The Terms Of A Pension Plan Can Change

One thing that many people do not realize is that the terms of a pension plan can change, even after the person has retired. Many companies that offer pension plans have the ability to legally change the terms of the plan to give the pensioners less than what was originally agreed too. There are a number of reasons that this can happen, but none of them really comfort a retiree who has seen their benefits reduced. Some benefit plans change the annuity formula while some others simply reduce benefits across the board. Be sure to read any information that arrives about your pension plan because it may contain explanations about changes that have been made without your knowledge.

The Company May Invest In Risky Investments

Many people do not realize that a company pension plan can invest the plan’s assets in nearly any investment the plan manager chooses. Many Canada pension plans available today invest in investments termed risky, like hedge funds and CDOs. These pension plans are generally chasing larger results to make up for shortfalls in the amount of money available in the plan. By investing in riskier choices, they can earn more money more quickly if the bets go good. Unfortunately, they also lose more when the bets go bad.

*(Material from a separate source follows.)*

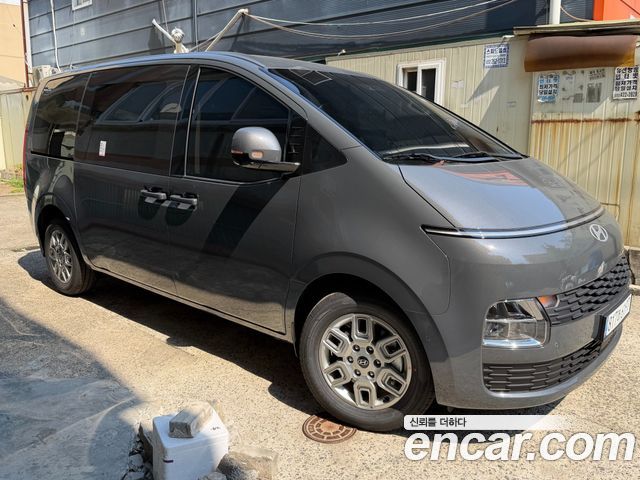 Hyundai Staria HEV 1.6T Cargo 2-Seater Modern — пробег 726 км — фото 2 из 5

Pension Plans May Not Be Able To Cover Everyone’s Benefits

Very few pension plans contain enough funds to cover all of the payments owed to all of the participants. While many are required by law to hold their funding above a certain level, most use the payments from younger employees to pay for the benefits of older employees. If the pension funds end up running out of money, the taxpayers may be on the hook for covering the gap between what is available and what is owed. As expected, many taxpayers are not happy to be placed in this position, especially if they work for a company where pension plans are not offered.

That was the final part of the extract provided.